*Exercise*.
The answer is all of the data repeated exactly, with each picture omitted.
Source data START
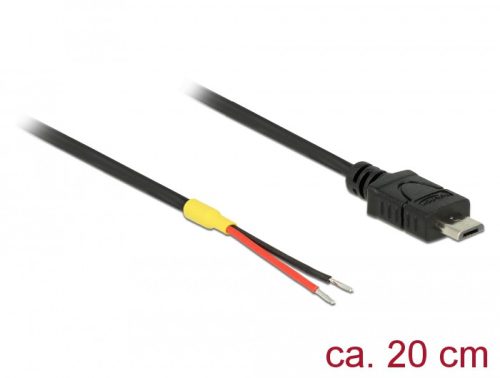 Delock USB 2.0-s kábel Micro-B-csatlakozódugóval > 2 db nyitott vezetékkel, 20 cm Raspberry Pi
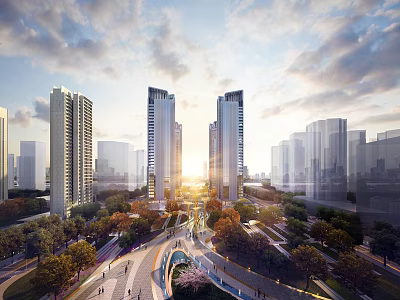 Modern High-rise Residential Landscape With Greenery Walking Paths Sunlight And Cloudy Sky 3d model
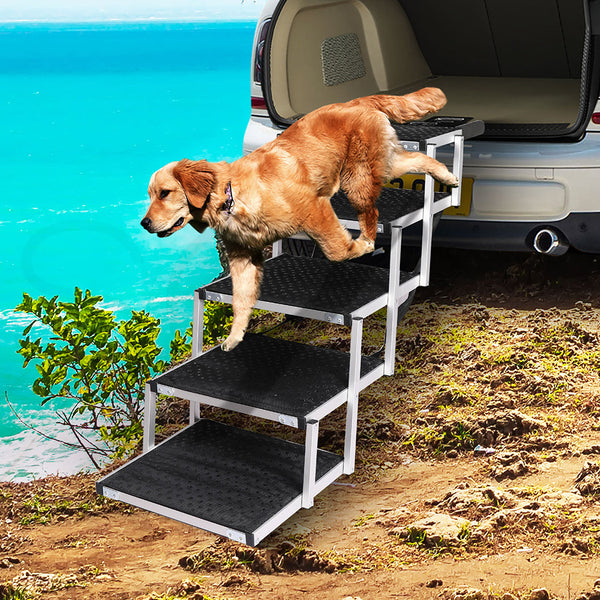 Pawz 5 Steps Dog Ramp Adjustable Height Black Pet Transport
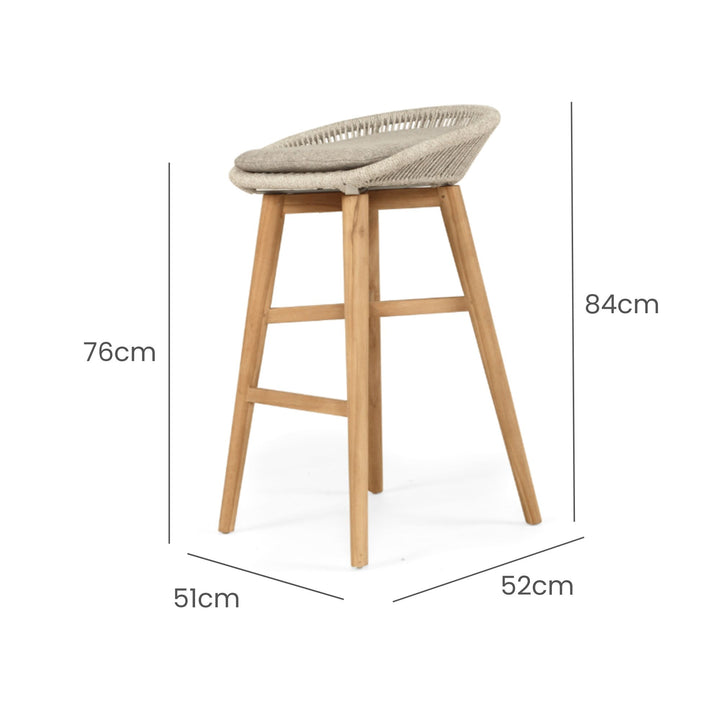 Zara Outdoor Bar Stool Backless Grey 76cm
Source data END
*Written response*.
 Delock USB 2.0-s kábel Micro-B-csatlakozódugóval > 2 db nyitott vezetékkel, 20 cm Raspberry Pi
 Modern High-rise Residential Landscape With Greenery Walking Paths Sunlight And Cloudy Sky 3d model
 Pawz 5 Steps Dog Ramp Adjustable Height Black Pet Transport
 Zara Outdoor Bar Stool Backless Grey 76cm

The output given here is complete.